Thanks unknown. Your analysis is pretty much spot on.
You are an amazing writer. I don't even need to make all these my favorites. I'll just remember your user name. Like most of your writing, I don't understand all of it, but I understand L1-7 & L12-15. That's good enough for me. You probably hear this all the time, but you are very talented. I am so glad you submit to this site.
Can you change line 6 to mark and measure?
line 14, space between word and comma?
This is clever, snappy and intelligent.
Is cordoned enough or should it be cordoned off? I'll investigate for my own curiosity. Oh, we always say our own stuff is "very good," don't we?
This poem is.
A little flattery goes a long way
Thanks for the suggestions which i have implemented.

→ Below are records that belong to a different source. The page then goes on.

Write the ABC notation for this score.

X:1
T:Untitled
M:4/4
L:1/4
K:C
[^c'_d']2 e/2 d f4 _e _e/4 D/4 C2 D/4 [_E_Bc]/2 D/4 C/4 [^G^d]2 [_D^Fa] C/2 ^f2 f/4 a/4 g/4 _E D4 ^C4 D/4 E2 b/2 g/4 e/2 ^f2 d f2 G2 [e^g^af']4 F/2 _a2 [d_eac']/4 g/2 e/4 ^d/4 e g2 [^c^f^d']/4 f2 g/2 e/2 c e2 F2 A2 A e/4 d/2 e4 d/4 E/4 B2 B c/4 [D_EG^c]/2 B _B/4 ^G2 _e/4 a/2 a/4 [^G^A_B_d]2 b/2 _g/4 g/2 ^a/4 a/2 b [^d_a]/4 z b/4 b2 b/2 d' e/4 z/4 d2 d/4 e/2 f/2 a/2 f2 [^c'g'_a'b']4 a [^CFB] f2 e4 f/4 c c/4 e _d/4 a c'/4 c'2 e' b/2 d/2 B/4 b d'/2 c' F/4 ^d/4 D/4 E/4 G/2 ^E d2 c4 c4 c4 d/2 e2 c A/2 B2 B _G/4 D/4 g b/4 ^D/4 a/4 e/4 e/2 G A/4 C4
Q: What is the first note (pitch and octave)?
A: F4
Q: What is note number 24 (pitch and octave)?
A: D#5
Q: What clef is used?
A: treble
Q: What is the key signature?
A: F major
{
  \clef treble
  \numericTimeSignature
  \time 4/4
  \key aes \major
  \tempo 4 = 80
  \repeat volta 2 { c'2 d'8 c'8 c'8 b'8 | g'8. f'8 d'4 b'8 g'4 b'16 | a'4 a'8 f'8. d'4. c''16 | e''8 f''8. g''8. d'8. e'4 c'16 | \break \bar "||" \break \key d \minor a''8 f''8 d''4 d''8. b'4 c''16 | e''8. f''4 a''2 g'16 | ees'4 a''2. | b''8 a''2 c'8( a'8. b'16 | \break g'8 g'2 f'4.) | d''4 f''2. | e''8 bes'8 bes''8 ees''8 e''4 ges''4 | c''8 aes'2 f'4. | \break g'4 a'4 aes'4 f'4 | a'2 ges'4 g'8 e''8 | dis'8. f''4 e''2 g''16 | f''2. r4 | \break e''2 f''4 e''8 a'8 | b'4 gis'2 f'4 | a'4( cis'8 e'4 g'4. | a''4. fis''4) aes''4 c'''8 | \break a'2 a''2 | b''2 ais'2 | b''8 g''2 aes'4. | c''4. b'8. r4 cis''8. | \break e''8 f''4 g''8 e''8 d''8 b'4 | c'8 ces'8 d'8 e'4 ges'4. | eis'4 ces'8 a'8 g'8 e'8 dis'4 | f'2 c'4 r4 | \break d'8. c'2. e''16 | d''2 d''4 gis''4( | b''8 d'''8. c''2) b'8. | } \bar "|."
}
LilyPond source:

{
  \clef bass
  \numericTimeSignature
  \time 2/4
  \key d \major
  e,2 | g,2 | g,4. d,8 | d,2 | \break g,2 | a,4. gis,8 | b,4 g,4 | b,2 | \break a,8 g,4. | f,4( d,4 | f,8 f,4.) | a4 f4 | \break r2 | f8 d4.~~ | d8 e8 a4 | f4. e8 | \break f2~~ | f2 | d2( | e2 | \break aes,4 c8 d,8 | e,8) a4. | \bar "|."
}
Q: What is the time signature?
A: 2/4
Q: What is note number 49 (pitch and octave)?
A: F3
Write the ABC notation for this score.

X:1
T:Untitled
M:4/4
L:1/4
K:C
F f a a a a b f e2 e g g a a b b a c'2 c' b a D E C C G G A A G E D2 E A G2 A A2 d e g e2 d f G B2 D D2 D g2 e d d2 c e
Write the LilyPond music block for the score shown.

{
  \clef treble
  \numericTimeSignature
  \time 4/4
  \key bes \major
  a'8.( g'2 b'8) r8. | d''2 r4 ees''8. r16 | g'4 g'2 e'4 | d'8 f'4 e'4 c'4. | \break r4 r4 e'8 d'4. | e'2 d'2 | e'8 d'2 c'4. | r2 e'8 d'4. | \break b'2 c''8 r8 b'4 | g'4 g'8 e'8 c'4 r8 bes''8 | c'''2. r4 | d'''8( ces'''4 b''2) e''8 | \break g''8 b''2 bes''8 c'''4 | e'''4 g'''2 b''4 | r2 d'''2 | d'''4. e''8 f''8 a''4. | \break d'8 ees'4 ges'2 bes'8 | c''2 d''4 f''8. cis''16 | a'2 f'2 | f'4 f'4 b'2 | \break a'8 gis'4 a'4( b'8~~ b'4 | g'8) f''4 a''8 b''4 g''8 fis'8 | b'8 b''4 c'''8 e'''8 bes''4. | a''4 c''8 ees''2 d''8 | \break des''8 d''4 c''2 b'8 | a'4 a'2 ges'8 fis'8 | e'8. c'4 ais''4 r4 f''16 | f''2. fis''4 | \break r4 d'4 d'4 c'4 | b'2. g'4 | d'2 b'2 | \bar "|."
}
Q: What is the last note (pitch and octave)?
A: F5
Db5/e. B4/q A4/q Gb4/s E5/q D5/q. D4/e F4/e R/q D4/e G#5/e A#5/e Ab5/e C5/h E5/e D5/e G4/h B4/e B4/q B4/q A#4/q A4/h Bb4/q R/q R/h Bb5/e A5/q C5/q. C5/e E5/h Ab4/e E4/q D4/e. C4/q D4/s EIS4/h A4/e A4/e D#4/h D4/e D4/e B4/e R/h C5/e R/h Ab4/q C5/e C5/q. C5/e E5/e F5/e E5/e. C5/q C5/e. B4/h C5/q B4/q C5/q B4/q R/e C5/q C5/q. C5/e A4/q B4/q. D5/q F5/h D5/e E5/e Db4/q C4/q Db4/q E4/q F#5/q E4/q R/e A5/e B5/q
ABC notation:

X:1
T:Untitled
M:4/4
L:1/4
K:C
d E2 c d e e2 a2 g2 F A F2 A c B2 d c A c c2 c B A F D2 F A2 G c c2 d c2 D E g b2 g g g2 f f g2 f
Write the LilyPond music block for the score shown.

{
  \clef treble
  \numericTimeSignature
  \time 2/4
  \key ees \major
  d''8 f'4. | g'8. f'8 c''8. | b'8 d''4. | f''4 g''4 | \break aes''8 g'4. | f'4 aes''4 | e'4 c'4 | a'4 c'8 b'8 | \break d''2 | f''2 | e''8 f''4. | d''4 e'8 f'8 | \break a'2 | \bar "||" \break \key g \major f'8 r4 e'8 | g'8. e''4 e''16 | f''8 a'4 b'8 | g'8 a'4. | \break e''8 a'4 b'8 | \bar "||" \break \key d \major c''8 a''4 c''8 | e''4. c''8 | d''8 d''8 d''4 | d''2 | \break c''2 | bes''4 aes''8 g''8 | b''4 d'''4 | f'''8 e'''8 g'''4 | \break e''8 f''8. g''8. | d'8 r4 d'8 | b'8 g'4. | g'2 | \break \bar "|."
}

Your pretty snappy smart and intelligent yourself.
Larry slap a back Lark
Jeez... this conjurs up politics and the disaster in New Orleans...
Were you going for that?
this is really a great poem.
I wasn't thinking of the New Orleans disaster when i wrote this. Its just that i have a thing about a famous make of brick which is shiny bright red and the poem started out as honouring this brick which is called Accrington, after the name of the town in NE Lancashire from where it originated, Many houses in this locality are adorned with its distinctive colour,. However it seemed to transmorph into some sort of pean about the condition of man so i went with the flow. Thanks once more for your comment.